**DATA UNDER STUDY**

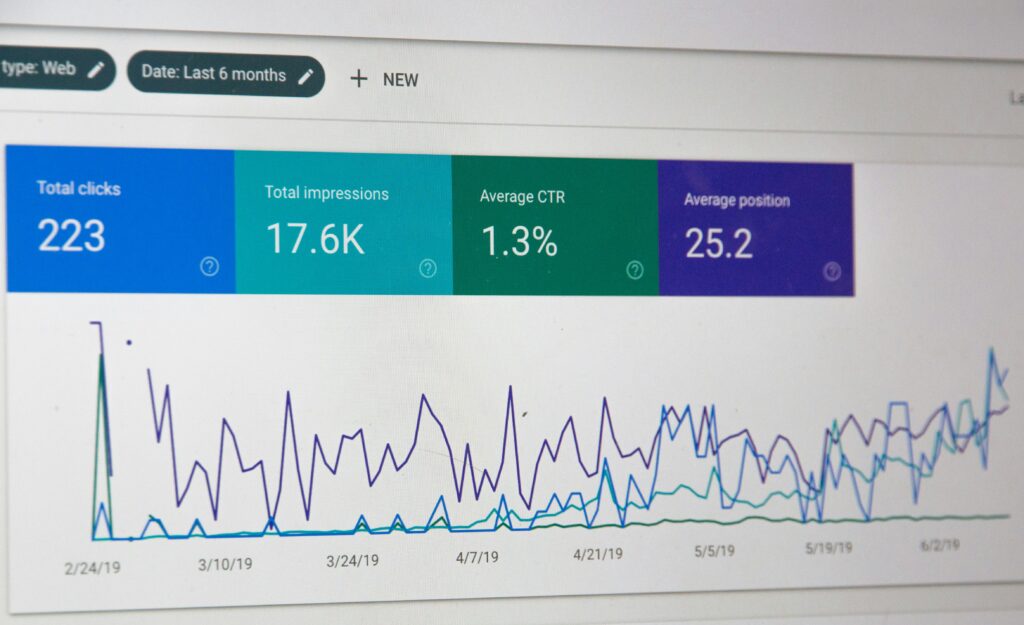 picture of website stats displayed on a dashboard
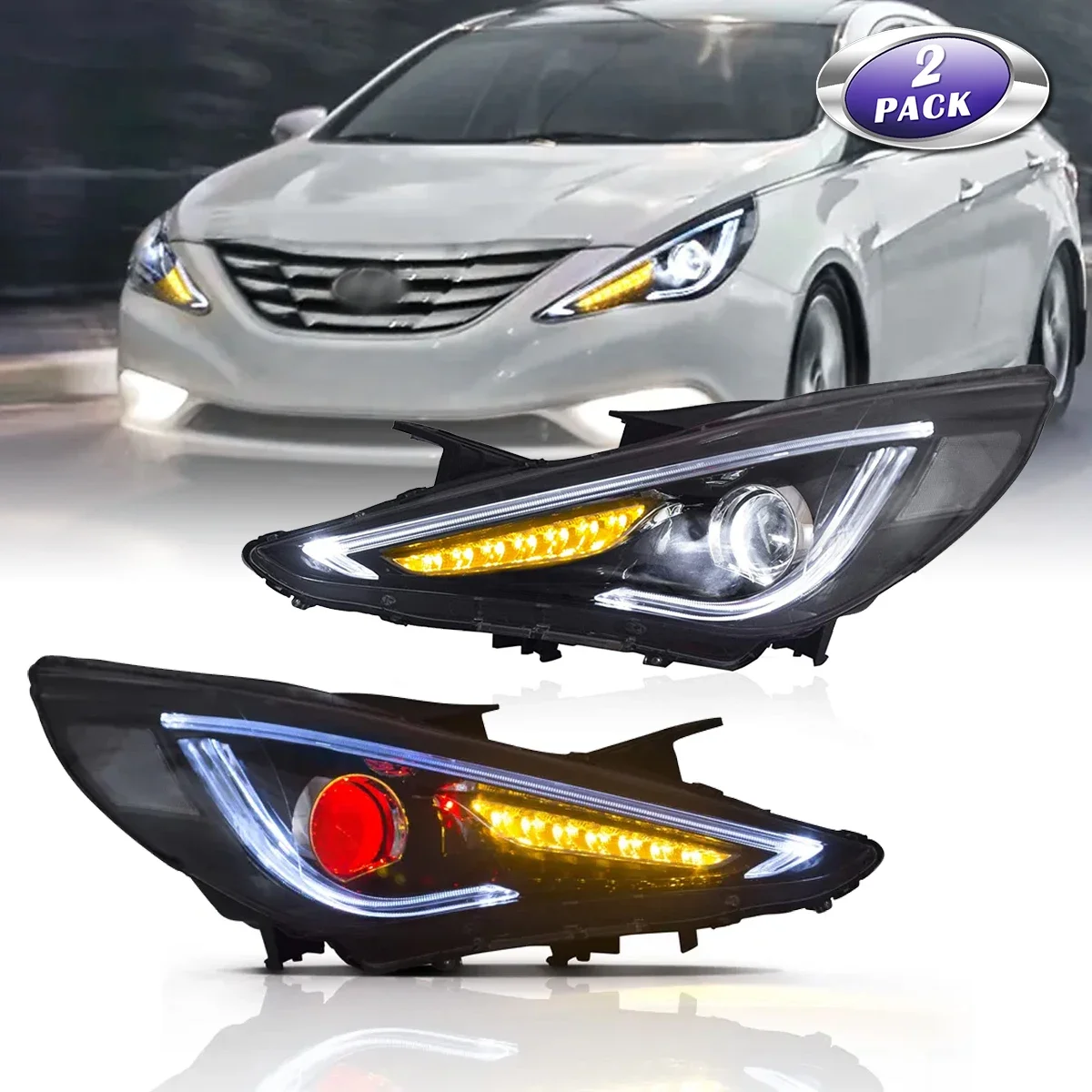 

Светодиодные фары проектора Demon Eye в сборе для Hyundai Sonata 2011 2012 2013 2014, с янтарным последовательным указателем поворота, автомобильные детали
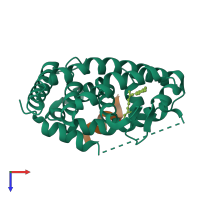 PDB entry 4pp3 coloured by chain, top view.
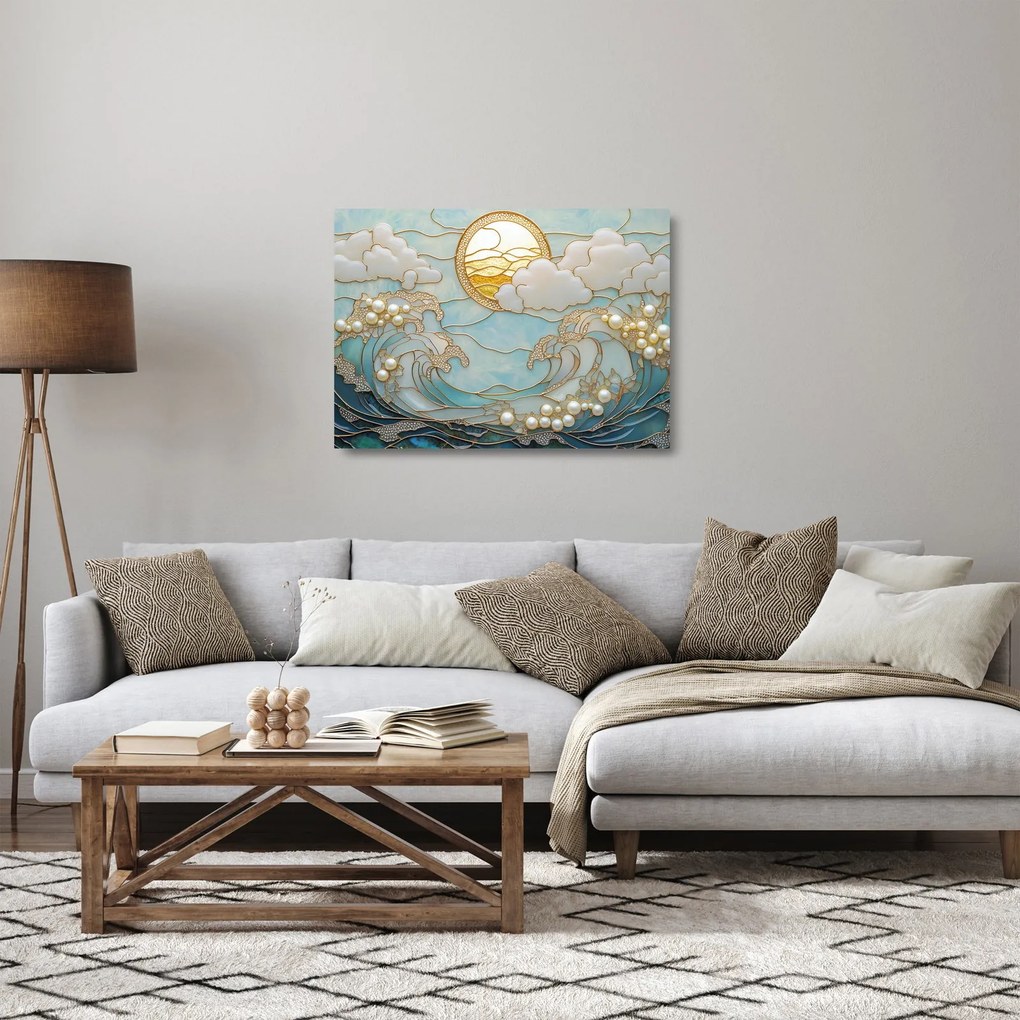 Tablou pe sticlă - Perle 3D în Ocean (70x50 cm)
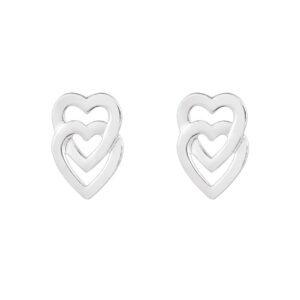 silver double heart stud earrings shown as a front-facing pair on a white background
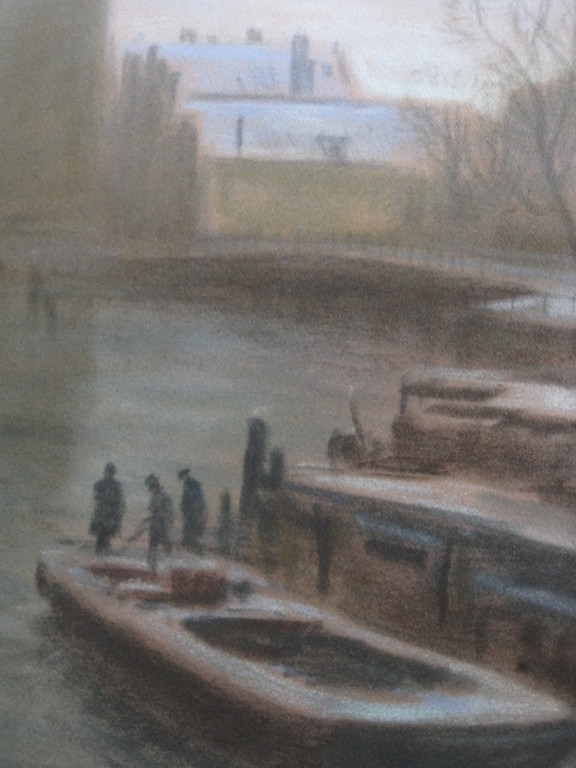 Sfeervol pastel "Amsterdam Montelbaanstoren vroege ochtend" van G.Cohn Roemers  kopen? Bied vanaf 1!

**ABOUT THIS TASK**
Retype only the lines from the line with "Светодиодные фары проектора" through the last line of the data. Keep both ends and skip the pictures.

**RESULT OF THIS EXERCISE**
Светодиодные фары проектора Demon Eye в сборе для Hyundai Sonata 2011 2012 2013 2014, с янтарным последовательным указателем поворота, автомобильные детали
 PDB entry 4pp3 coloured by chain, top view.
 Tablou pe sticlă - Perle 3D în Ocean (70x50 cm)
 silver double heart stud earrings shown as a front-facing pair on a white background
 Sfeervol pastel "Amsterdam Montelbaanstoren vroege ochtend" van G.Cohn Roemers  kopen? Bied vanaf 1!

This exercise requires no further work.